Now, we want to find two headlines that the classifier is really confident about, but classifies incorrectly. We want the confidence of the prediction to be at least 85%.

One headline is anything you want to write. Another must be a real headline (not satire) that you could trick the classifier into misclassifying changing only one word. For instance, taking `"Despair for Many and Silver Linings for Some in California Wildfires"`, a real NYTimes headline, you can change it to `"Despair for Many and Silver Linings for Some in Oregon Wildfires"` (note that this particular change does not cause the classifier to misclassify).

In [None]:
## Insert one headline that the classifier classifies incorrectly, with false high confidence. (4 points)


In [None]:
## Insert one headline that the classifier classifies incorrectly, with false high confidence. (4 points)

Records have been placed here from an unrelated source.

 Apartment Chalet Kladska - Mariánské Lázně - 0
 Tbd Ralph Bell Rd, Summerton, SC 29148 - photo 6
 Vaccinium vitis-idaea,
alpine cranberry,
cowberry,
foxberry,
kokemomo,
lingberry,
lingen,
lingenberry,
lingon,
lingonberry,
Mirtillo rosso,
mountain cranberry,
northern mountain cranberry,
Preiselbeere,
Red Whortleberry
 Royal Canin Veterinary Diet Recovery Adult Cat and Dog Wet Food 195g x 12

# Also, insert link to the original headline/article.


## Step 4b: What kinds of headlines are misclassified? (10 points)

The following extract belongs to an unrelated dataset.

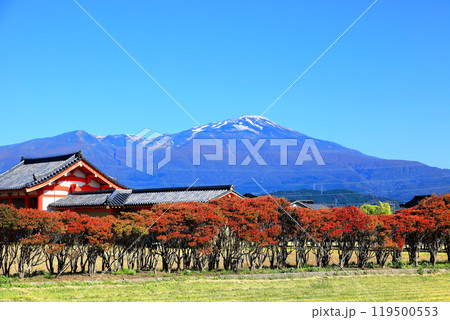 城輪柵跡(出羽国府推定地)　鳥海山麓紅葉 119500553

Write your hypothesis below on what kinds of headlines are misclassified. If it helps you, use the [TextClassificationInterpretation](https://docs.fast.ai/text.learner.html#TextClassificationInterpretation) utility. Show your work, especially if you use this utility.

In [None]:
## Show work here

(Add your interpretation here)

# Step 5: Save your classifier
Now that we've trained the classifier, you're ready for Part 2. You'll use this saved file in your bot later.

In [None]:
classify.export(file='satire_awd.pkl')

Later, you'll use it like so.

In [None]:

#You will want to download the classifiers to your google drive to use them for 
#this part. Download pre-trained learners here or use your own:
#https://drive.google.com/drive/folders/1KrYsysOojlOvVK-YfSehREsiz1k0Xxme?usp=sharing
#use this tutorial to understand how to access and store some of this data
#on your google drive for easy access:  
from google.colab import drive
drive.mount('/content/drive')

Mounted at /content/drive


In [None]:
data_path="/content/"
serve_classifier = load_learner(path=data_path, file='satire_awd.pkl')
serve_lm = load_learner(path=data_path, file='headlines-lm.pkl')

In [None]:
#this will use the learner you uploaded to predict whether a certain sentence 
#is about satire or not. 
serve_classifier.predict('How the New Syria Took Shape')

(Category tensor(0), tensor(0), tensor([0.9880, 0.0120]))

In [None]:
#this will create a headline based on a phrase you provide
#and based on what your learner learned
serve_lm.predict('Rising Seas', n_words=7)

'Rising Seas : a awful love cook , few'

# Step 6: add the bot code. 

See the assignment document for what the bot code should look like. You can add it just below here, but you are also welcome to create a new notebook where you put that code.